The first platform: the one with no users

Almost every IDP starts here. A platform team is funded, often after a leadership conversation about developer productivity. They build a self-service portal. They ship golden paths for the workflows they think developers want. They demo at the all-hands. Six months later, adoption is concentrated in two friendly teams, and the rest of engineering is using whatever they were using before.

The mistake at this stage isn’t technical. The technology usually works. The mistake is that the platform was designed for a developer who doesn’t exist. The “golden path” was the path the platform team thought engineers should want, not the one they walked.

A mid-size SaaS I worked with, one that was trying to standardize deployments across a fast-growing engineering org, spent half a year building a service-deployment portal. The post-mortem was clear once we ran it. Their portal asked engineers to learn three new abstractions to deploy a service they were already deploying with one. The platform was technically elegant and operationally a tax. Nobody opted in to a tax. Adoption sat in the low double digits after six months, and most of that was the platform team’s own services.

The way out is unglamorous. Pick three teams. Sit with their engineers. Watch them ship. Take notes on the parts they curse at, not the parts they ask for. Engineers ask for things they already know how to want. The interesting requirements live in the friction they’ve stopped noticing because they’ve worked around it for two years.

Your platform’s first version should solve a problem you watched somebody have, not a problem you assumed they had.
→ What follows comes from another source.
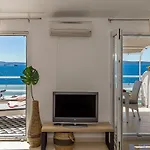 Vila Lola, Sea On A Palm! Heated Pool Trogir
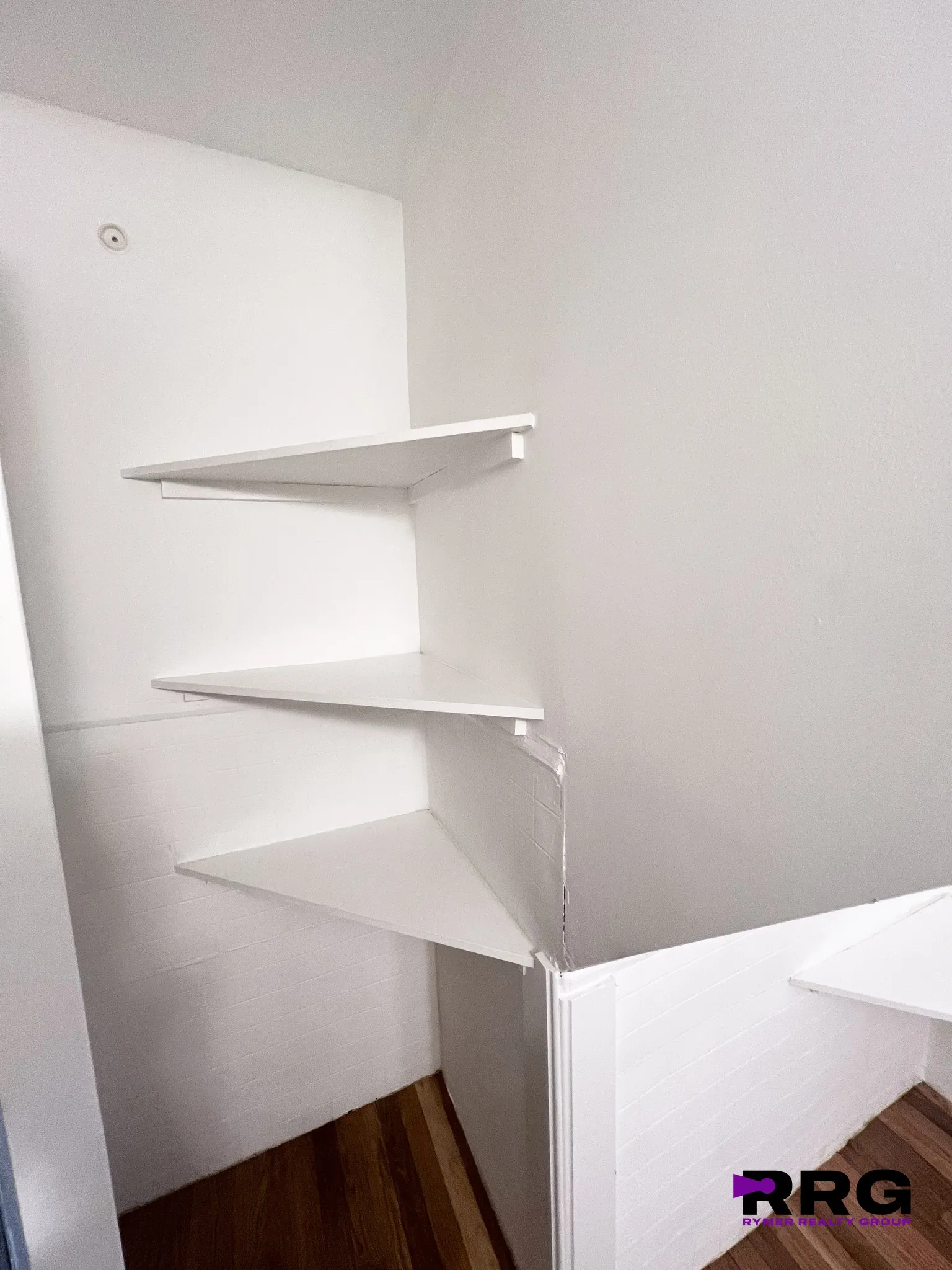 3 bed, 1 bath apartment for rent at 3147-3149 Washington St Unit 1, Jamaica Plain — photo 8 of 21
The teams that get this stage right tend to look like they’re moving slowly, because they spend the first few months in other people’s codebases. The teams that look like they’re moving fast at this stage are usually building the platform that won’t get used.

The second platform: the one with users but the wrong abstractions

You learn from the first failure. You start with users. You ship golden paths your beta users want. Adoption climbs to 60%, then 70%. And then it stalls.

What’s happening is that the abstractions are leaking. Engineers are learning the platform and the underlying system, because every non-trivial use case requires understanding what the platform is hiding. The golden path is good for 70% of cases. The other 30% require dropping out of the platform entirely, and the drop-out experience is painful enough that senior engineers route around the platform on principle. The grudging usage is the canary. When the most experienced engineers tell you they “use it because they have to,” you’ve stopped winning their adoption and started taxing their patience.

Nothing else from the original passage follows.